Mr Eleganz


 

De passage au Printemps de Bourges, Mr Eleganz a pris le temps de répondre à quelques questions juste après son DJ set. Extraits choisis d'une conversation sur un banc au beau milieu du Berry.

Lords of Rock : Le festival a démarré depuis quelques jours, comment tu te sens ?

Mr Eleganz : Ça va, je rencontre pas mal de gens que je connais. Ce qui est bien ici c’est que tu croises tout le monde. Professionnellement parlant il y a un intérêt, mais artistiquement il n’y en a aucun. C’est un peu le Flunch des festivals : c’est pas cher, mais c’est pas bon.

Pourtant vous êtes tu es venu plusieurs fois avec Success ! Ça ne vous a rien apporté ?

Il y a quatre ans c’était génial, on était sur la grande place, c’était gratuit, il y avait du monde. Moi j’adore les concerts gratos. Le côté kermesse quand on a les bonnes conditions, c’est génial. Après il y a deux ans c’était moyen. On a joué trop tôt et sur une scène isolée…

Existe-t-il encore au moins des festivals de découvertes ?

Ah si, tu prends les Transmusicales c’en est un.

D’ailleurs comment vous vous êtes retrouvés en Asie pour une tournée ?

C’est la combinaison de plein de choses. A un moment un attaché culturel au Laos qui nous a découvert aux Trans, il a essayé de monter une tournée en 2008, ça n’a pas marché, il a insisté en 2012 et ça a fonctionné. A chaque fois on nous fait “Faites attention, ici le public est un peu froid”, mais on arrive toujours à tout renverser. On est les crêpiers du rock, les gens on les prend, on les retourne. On a joué dans des théâtres et dans des cinéma ou au début tout le monde est assis, à la fin tout le monde est debout. Il faut avoir le truc sur scène et nous on l’a. Après rentrer chez soi et écouter le même groupe dans son salon c’est autre chose. Tu vois les autres gars de Success étaient dans le groupe Percubaba avant. C’est pas vraiment mon truc, mais en live tu es emporté, c’est un tsunami.

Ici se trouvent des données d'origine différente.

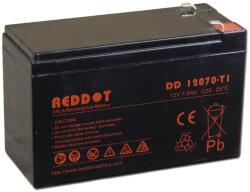 RedDot 12V 7Ah DD12070 F1 zárt ólomsavas zselés akkumulátor (REDDOT-DD12070-F1)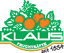 KLAUS FRUCHTSÄFTE & FRUCHTWEINE – company logo, company info header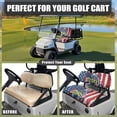 thumbnail image 5 of Yuyamidu Eagle Golf Cart Seat Covers 2 PCS 250 Years American Flag Golf Cart Seat Cushions Backrest Bottom Seat Cover for Club Car Golf Cart Accessories, 5 of 8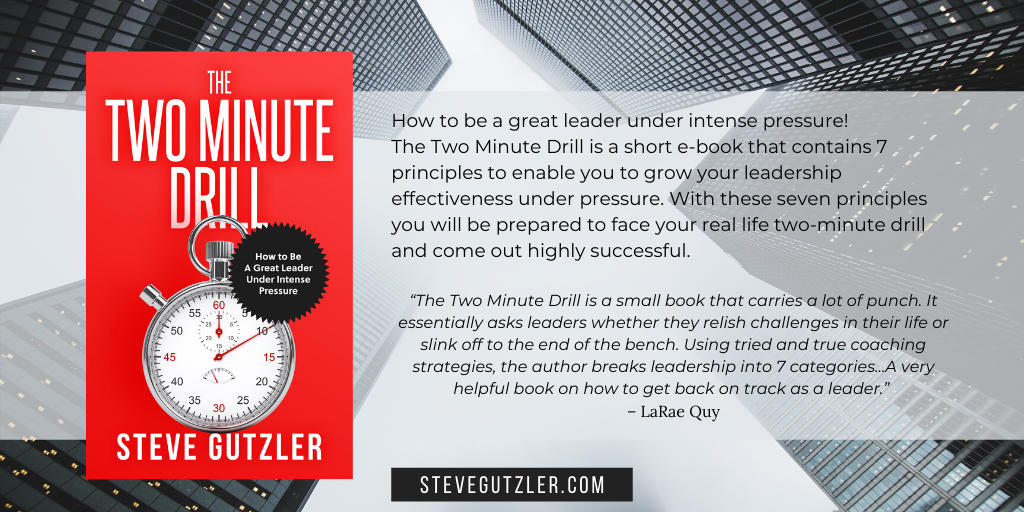 SteveGutzler's tweet photo. The Two Minute Drill is available for only $2.99 on Amazon: https://t.co/hQMayiiePS
Good read for the weekend 📝
#read #knowledge #wisdom #leadershipreading #leadership https://t.co/yYyZCrAuiW
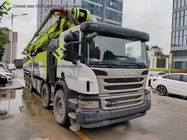 2018 SCANIA Chassis Zoomlion Second Hand Concrete Pump Truck 63m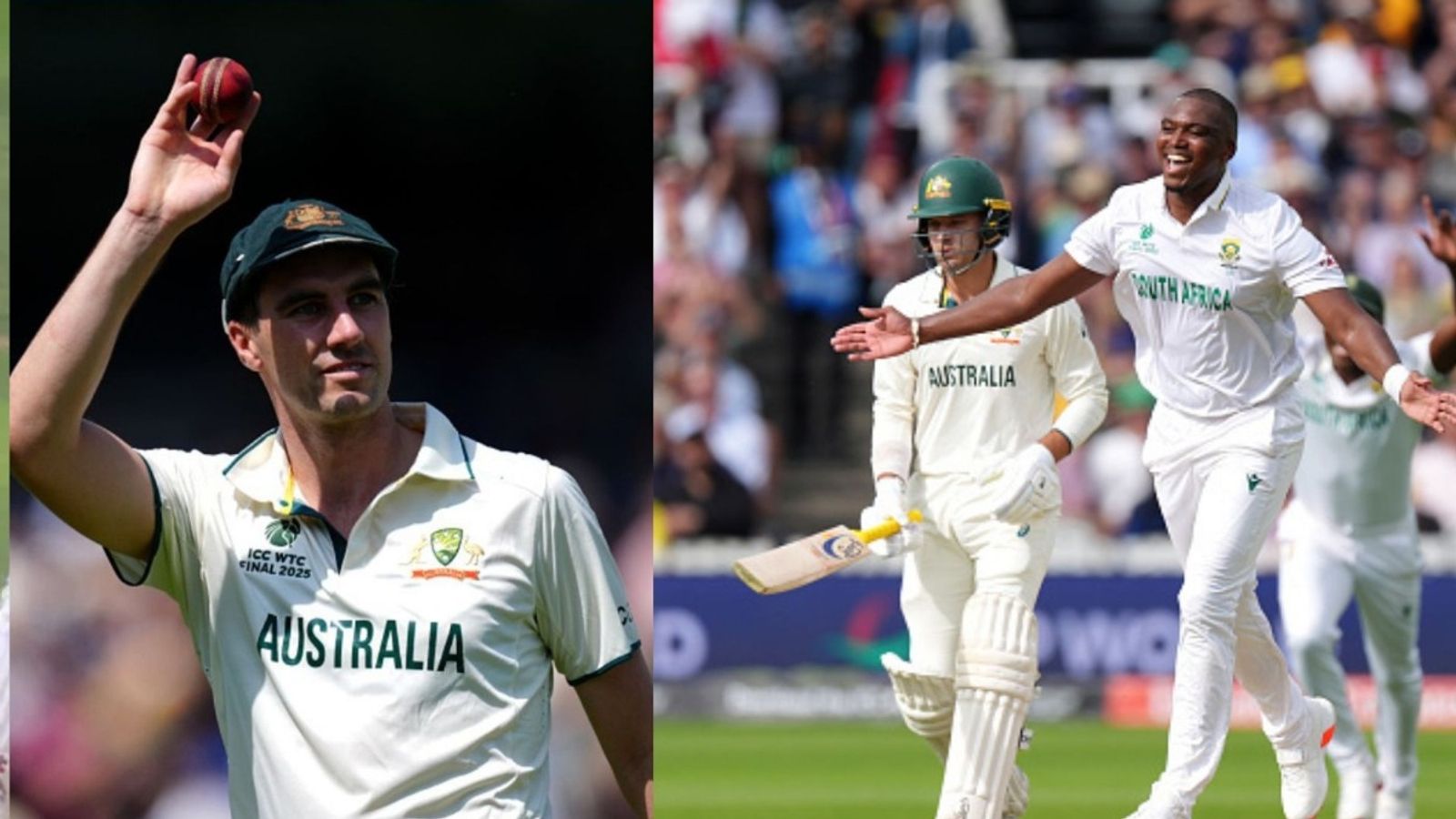 WTC Final : कमिंस के कहर से 138 पर साउथ अफ्रीका को ढेर करके ऑस्ट्रेलिया की वापसी, रोमांचक मोड़ पर फाइनल WTC Final : कमिंस के कहर से 138 पर साउथ अफ्रीका को ढेर करके ऑस्ट्रेलिया की वापसी, रोमांचक मोड़ पर फाइनल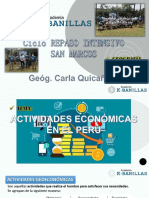 8 Actividades Económicas en El Perú
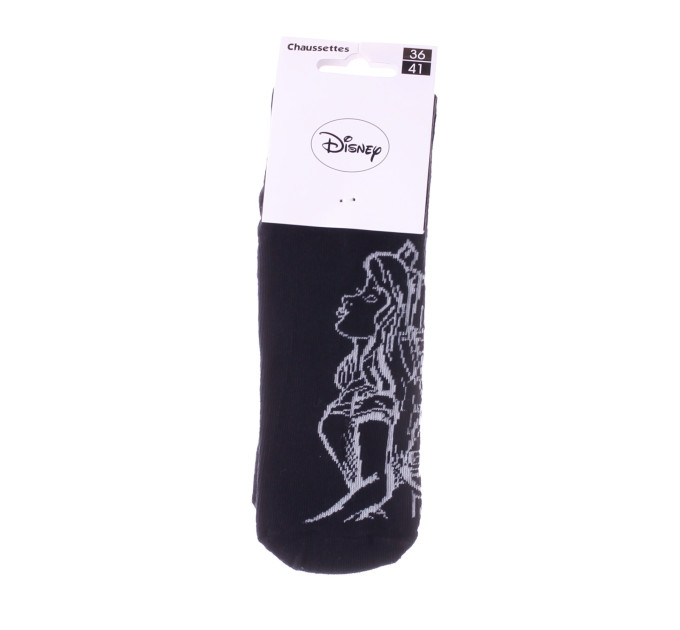 Шкарпетки Disney Princess Aurore 1-pack 36-41 black gray 13892320-4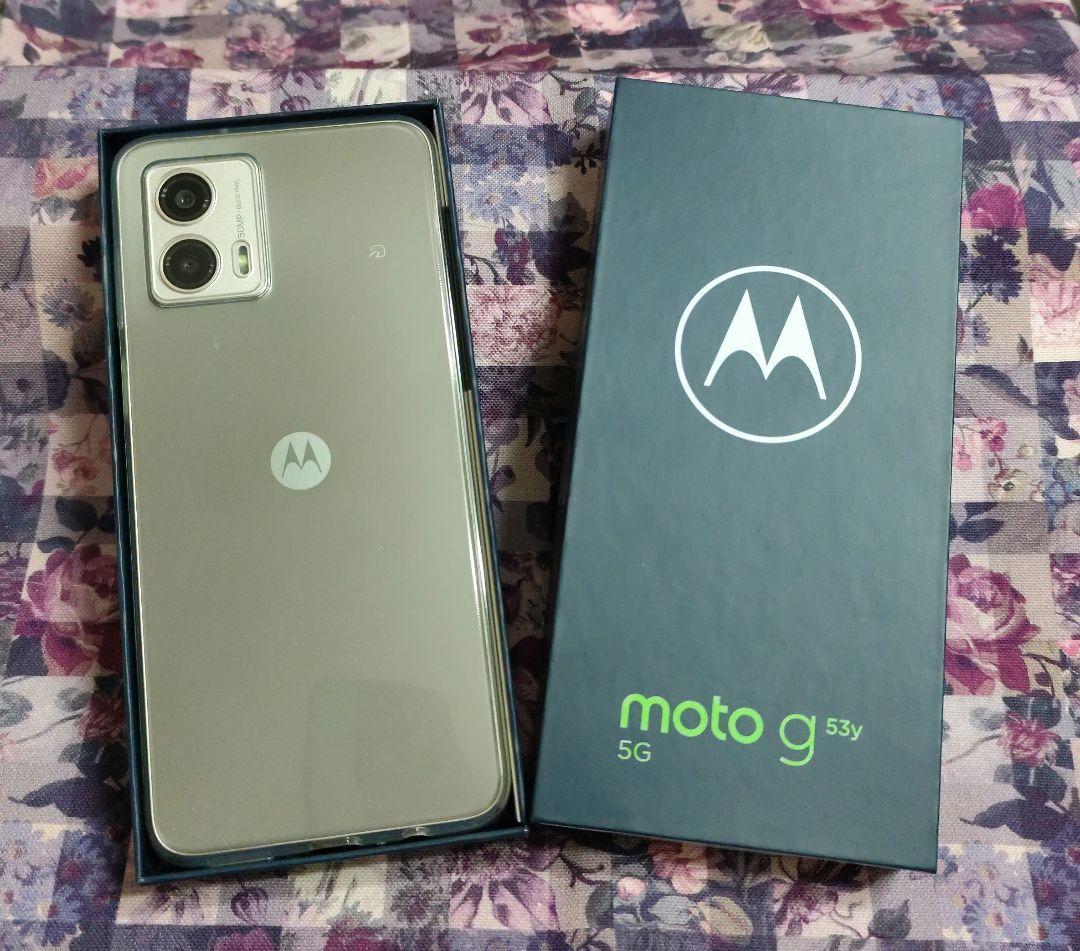 moto g53y　ベールピンク　モトローラー　y!mobile　スマホ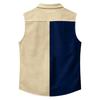 Men's Workwear Lapel Button-Down Vest Shirt - Lightweight Sleeveless Top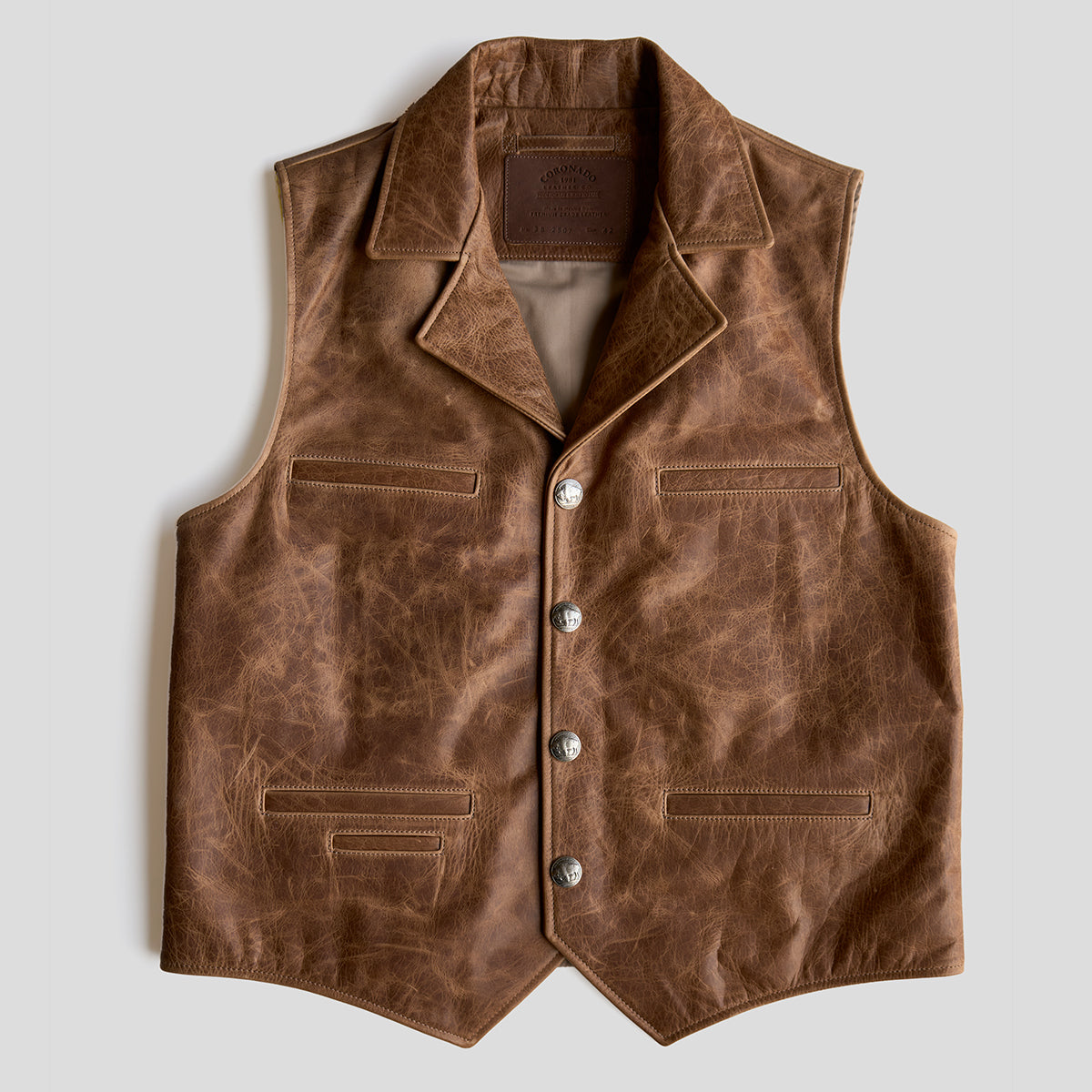 No.39 Ranchers Vest | Stagecoach Tan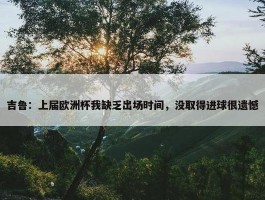 吉鲁：上届欧洲杯我缺乏出场时间，没取得进球很遗憾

Ce qu’ils faisaient parlaient à tous les ados de 16/17 ans. Que ce soit il y 20 ans, ou maintenant. Et malgré ça il avaient une mauvaise image auprès de beaucoup. Quand on a commencé Success, on nous a prévenu de ne surtout pas dire que les autres venaient de Percubaba. Ça faisait pas bien. Vaut mieux être un hipster peut être.

Toi aussi tu as de l’urticaire à leur contact ?

Ah mais je n’ai rien contre les hipster. C’est juste que, quand ils feront un bon concert, je leur serrerai la main. Nous en avons enterré je ne sais plus combien. Le nombre de groupes qui arrivent sur scène en étant des stars dans leurs chambres… et là on leur met une misère, ça les dégoûte de la musique.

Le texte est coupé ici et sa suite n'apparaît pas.